Every UGCC parishioner in Crimea must submit their passport data and be on the parish list
Fr Oleksiy Gorobets-Dolmatov, member of the Basilian Order of St. Josaphat, told the Ukrainian service of the Polish Radio told about the situation of the UGCC in Crimea.
“There are five Greek Catholic parishes operating in Crimea, which were re-registered according to Russian legislation. The Synod of our Church has separated the Crimean Exarchate from the then Odesa-Crimean Exarchate of the UGCC. The bishop was to be appointed, but just then, these events occurred in 2014 (the annexation by the Crimea of Russia - ed.), and the five parishes found themselves in the territory of the Russian Federation. The problem is the lack of priests. Today there are two priests working there, "he said.
“During the so-called ‘Russian Spring’ many UGCC parishioners left the Crimea. In Sevastopol, in the parish in which I worked, there were 79 parishioners. They are all on the list. According to Russian legislation, there are lists of parishioners, each parishioner must provide his or her passport details. Last year, the so-called “Yarovaya package” came into force, a package of anti-terror laws, as it is called. According to these laws, every parishioner must be registered. There are also people who stopped going to church for obvious reasons.”
"Religious Tolerance" in the Crimea
“There is no particular persecution on the part of the local population or the official government. Suffice it to say that it is the Russian legislation (that is rigid, ed.) towards the non-traditional religious beliefs, to which we unfortunately have for some reason belong- because the Greek Catholic Church is traditional for the Russian Federation, if not Ukrainian, at least as the Russian Greek Catholic Church. During the ‘Russian spring’ Aksyonov (self-proclaimed prime minister of the Autonomous Republic of Crimea - ed.) –as the parishioners told me - stated that there would be no Ukrainian Greek Catholic Church in Crimea. But later, after the meeting between Russian President Vladimir Putin and the Pope of Rome Francis, the situation changed completely. We were offered re-registration. In 2016, we received re-registration, but were forced to change the name - now we are called the Catholic Church of the Byzantine Rite. The Exarchate, which is already registered, is directly accountable to the Vatican. I have already mentioned that Russian legislation is not as liberal as in Ukraine, and therefore there are certain limitations in activity. For example, according to the "Yarovaya Package", we have no right to lift common prayers outside the church, but only in the temple or somewhere in the cemetery.
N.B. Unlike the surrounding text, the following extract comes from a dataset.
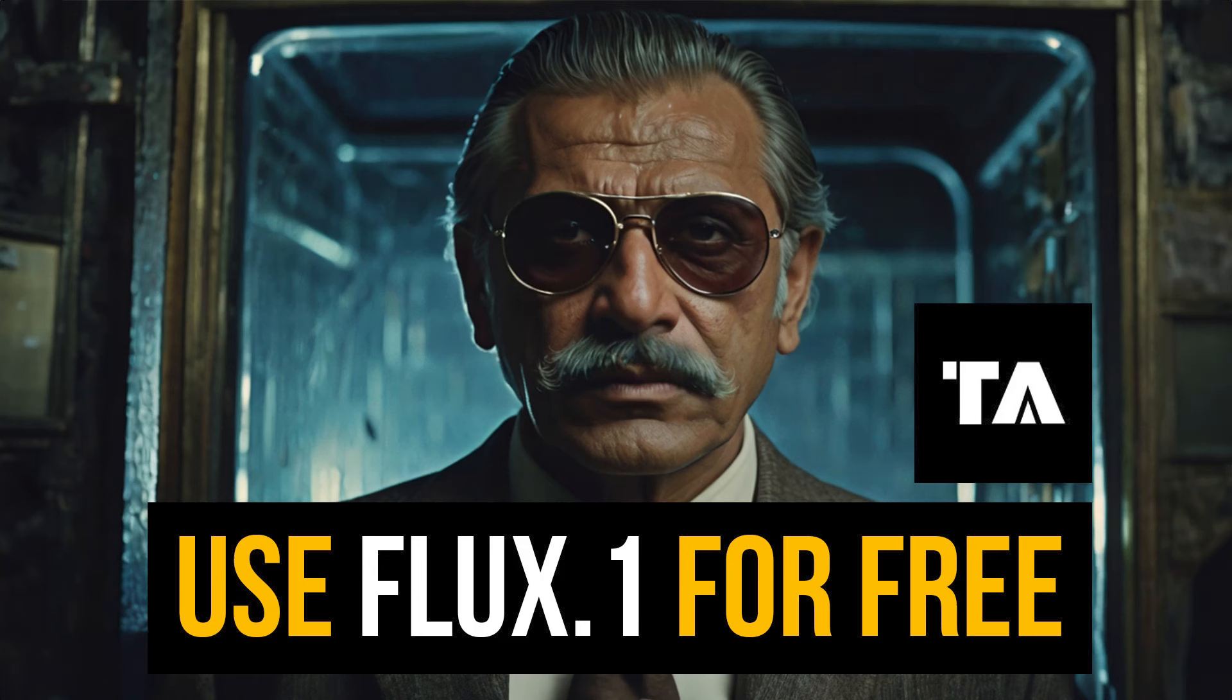Hi guys, this is Daniel from FND. In this video we're going to see how to use Flux AI with LoRAs in Tensor Art for free. So let's get started.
The prohibition of the propaganda of one's religion, faith is also in effect. In this context, we have a problem – if I submit on our page a schedule of worship for Easter or for a weekly week, then will this not be considered a violation of this provision? Another requirement - during the church worship, only those who are on the list of parishioners can attend. If, for example, one of the vacationers who come to the Crimea finds out that there is a church and wants to come to worship, and if the FSB or the Ministry of Internal Affairs found that we have a person walking to the church but not put on the list of parishioners, then there could be problems.”
“Russian authorities refused to register Ukrainian public organizations, and our Church is the only cell for people where they can feel themselves Ukrainian. Various Ukrainian holidays are marked in the churches - Mother's Day, St. Nicholas, Independence Day of Ukraine, Embroidery Day, Flag Day. We celebrate all these holidays in the walls of our temples or chapels.”
History of the Ukrainian Greek Catholic Church in the Crimea
“Our Church began its operation during the years of Ukraine's independence. The first parish, registered in 1991 in Crimea, was a parish in Sevastopol. This was facilitated by various civic organizations, in particular the Union of Women-Ukrainians. Subsequently, parishes were founded in Yalta, Simferopol, Kerch, and the youngest parish was in Eupatoria. For us the Crimea is a holy land. After all, even before Kyivan Rus, the Crimean land was blessed with the martyrdom of St. Pope Clement.”
“Now one should have a nerve in the Crimea, because even if there are no direct threats or open prosecutions, the very situation in which we are, demands from us stability, endurance and courage. In order to be able to withstand in the environment which is hostile towards everything Ukrainian.”